If there was in fact unlawful distribution of those 93 songs by iTunes, couldn't Eight Mile Style sue Apple for 93 songs * 150,000 dollars per song for $14.4 million? It seems like this would be the same case as that unfortunate lady who was caught for distributing those 24 songs, and has that judgment against her in the millions of dollars.

I don't see why Eight Mile Style wouldn't do that, unless there are double standards...

This message has been edited since its posting. Latest edit was made on 23 Sep 2009 @ 22:20

223.9.2009 23:41

Originally posted by logola:
If there was in fact unlawful distribution of those 93 songs by iTunes, couldn't Eight Mile Style sue Apple for 93 songs * 150,000 dollars per song for $14.4 million? It seems like this would be the same case as that unfortunate lady who was caught for distributing those 24 songs, and has that judgment against her in the millions of dollars.

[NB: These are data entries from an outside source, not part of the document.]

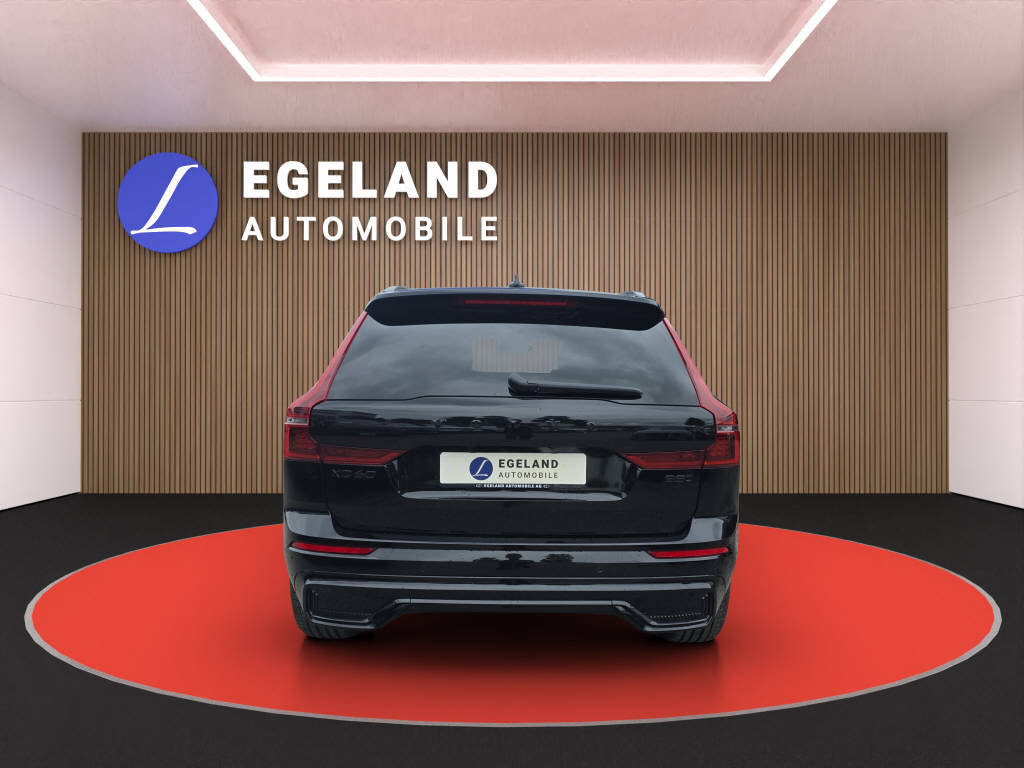 VOLVO XC60 2.0 B5 MH Plus Black Edition AWD, Hybride Léger Essence/Électricité, Voiture de démonstration, Automatique - 6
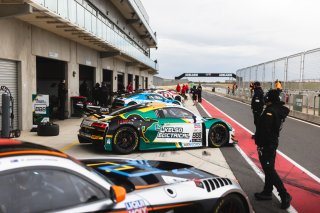 #888 – Kelso Electrical/Team MPC – Broc Feeney / Brad Schumacher – Audi R8 LMS EVO II | © Race Project | Daniel Kalisz | Daniel Kalisz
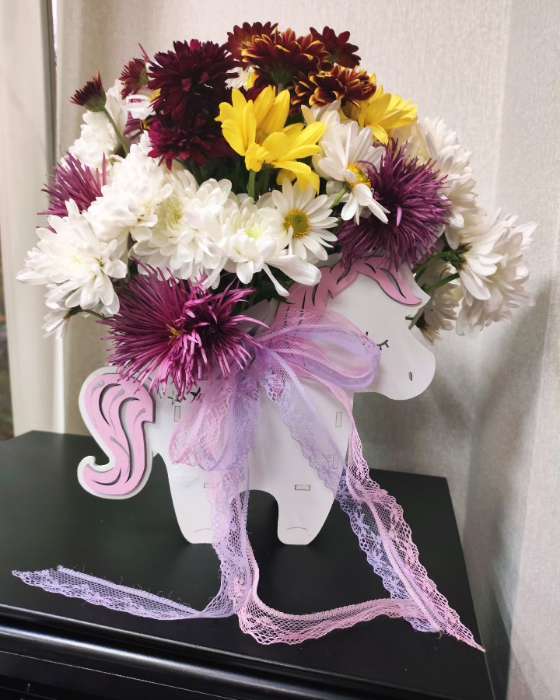 Фотография покупателя товара Кашпо деревянное 21.5×7×21 см уникальное "Единорог", белый розовый - Фото 2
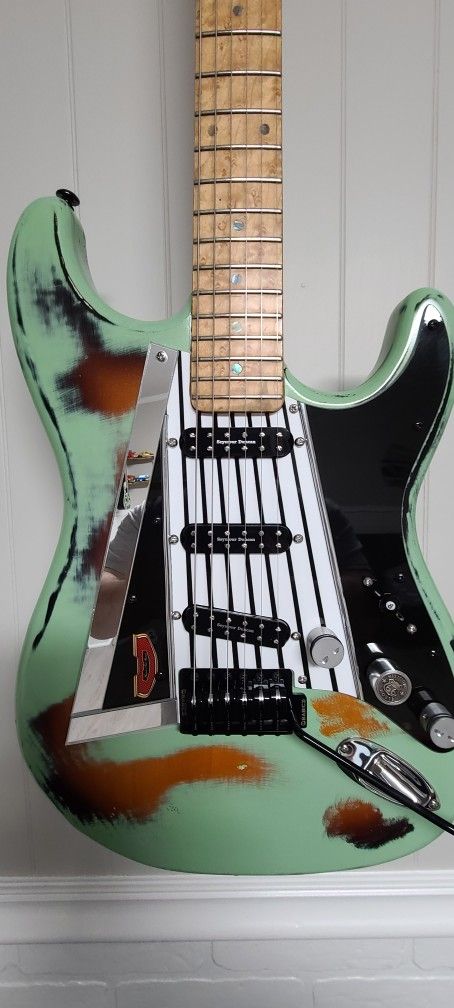 MoFo Frets Custom Guitars & Cars 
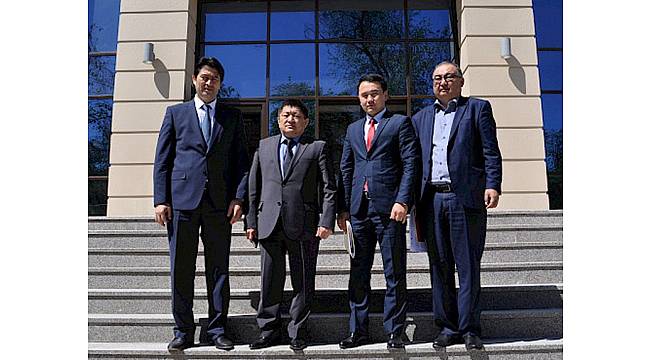 Kırgız Sağlık Bakanından Kırgız-Türk Dostluk Hastanesi'ne ziyaret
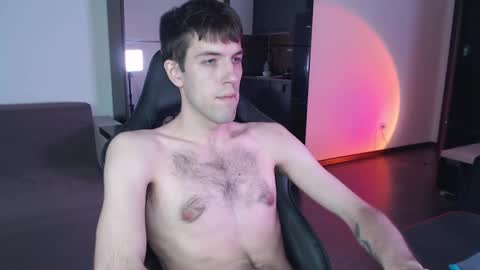 Snapshot of cookies_boys chatting on January 7, 8:42 pm cookies_boys online show from January 7, 8:42 pm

I don't see why Eight Mile Style wouldn't do that, unless there are double standards...

In fairness, since there's no evidence Apple thought what they were doing was illegal the appropriate range would be $750 to $30,000. :-|

324.9.2009 6:24

Actualy, the lower fine rate (up to $30,000 PER TRACK) is assuming that you did not know that the media was being distributed (like if a hacker turned your PC into a server). Apple knew the tracks were being distributed, and should be fined $150,000 per track per download...that's only fair. ;-)

424.9.2009 13:05

Originally posted by KillerBug:
Actualy, the lower fine rate (up to $30,000 PER TRACK) is assuming that you did not know that the media was being distributed (like if a hacker turned your PC into a server). Apple knew the tracks were being distributed, and should be fined $150,000 per track per download...that's only fair. ;-)

Except more than $30,000 requires that you believe it to be illegal, not just that it is. And an album (or partial album I believe) counts as a single work.

528.9.2009 17:55

Let's be blunt here, Eminem signed contract with Aftermath stating that they would legally 'own' these master tracks. That gives Aftermath full distribution rights. Now, if Eminem has been recording albums under his own label, through some kind of partnership with Aftermath... He might have been wise to have an attorney check to see what privelages the recording company is given.

Let's cut to the chase: Aftermath made a LOT of money off this, and anyone can tell you that if you make a lot of money on someone else's work, you better be darn sure that you've got the full legal right to do so. And I'm certain that Aftermath had attorney's double check (And probably write) the contract that Eminem agreed to. Granted, the artist and his own releasing label may not have 'noticed' the rights they were giving away because Aftermath wasn't physically printing discs for retail... But that's their own fault.

Furthermore, trying to take APPLE to court over this is nothing more than a publicity stunt, and an attempt to scare a big company into giving up some free money. The claims for a percentage of sales on iPods is ridiculous. If you want to see how many iPods were sold "because of Eminem's music", you could see what ratio of iPod owners downloaded one of his 93 tracks within the first week of purchasing one. I'm sure the ratio would be pretty low. And that's not a strike against his music, I listen to a WIDE variety of music, and I'll admit that he's a talented and sometimes rather amusing artist. I'm not saying he doesn't have talent or deserve some respect as a musician, he absolutely does, just like any other artist out there.

Let's consider this... 'Just like any other artist out there'. So take those same consumers who downloaded his tracks within a week or two of buying their iPod.... They probably downloaded a good number of other artists too. Should all of those artists get a huge stake in the iPod? Oh, wait, if all of them got that kind of a cut, Appl would be throwing every penny they have at artists.